Some of the happiest memories of my childhood in South Africa involve the ocean. It’s a very different kind of ocean to that found here in the Pacific Northwest, or over on the northeastern seaboard of the United States, and I miss it often.

One of my favorite things to do at the ocean was, and is, to study tide pools. When I was six years old, in Cape Town, I would collect shells and put every one to my ear, wondering how the ocean got inside. It was a cruel trick my parents played on me, putting into my head the idea that the ocean was inside those shells. When I was 7, after we moved to Toronto, I would sit in our living room and listen to the shells. I would also spend ages staring at the dried baby lobster, trapped deep inside a piece of coral my parents had brought with us.
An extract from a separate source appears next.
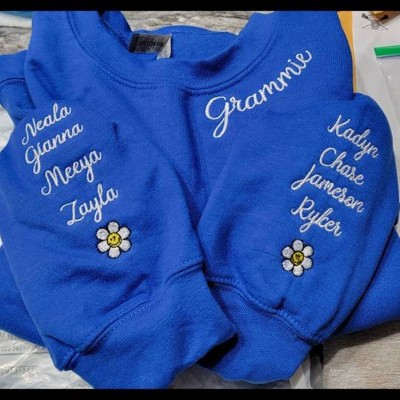 Custom Embroidered Sweatshirt With Kids Name On Sleeve For Mom Grandma Christmas Gift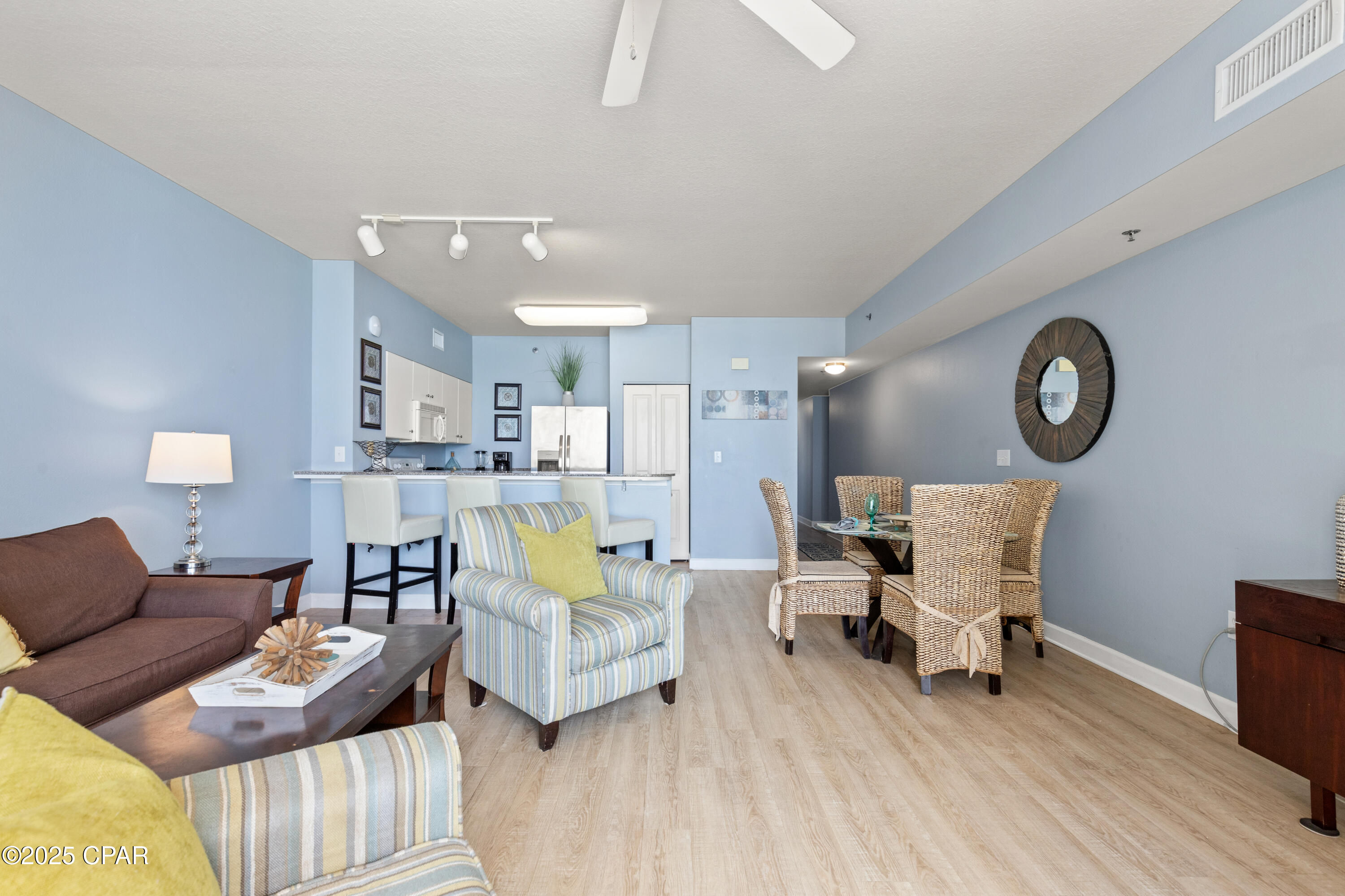 Image 4 For 9900 Thomas Drive 1019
Now I can’t remember what it felt like to walk on those beaches anymore, and I know well enough that the ocean can’t be found in a seashell – it’s an empty promise. The seashell holds only the notion of something so deep and rich as the ocean; the king’s new clothes -- it only manages to feign beauty and trick the naive.

It’s funny how some people can try so hard to be something they are not. If you close your eyes and listen, you can hear the sound of the waves, you can feel the water in the wind, and you can almost taste the salt. Open your eyes again, and you see only the dried coral and the dead lobster – and you know, if you were to scrape that lobster out of the coral, it would be nothing but orange dust.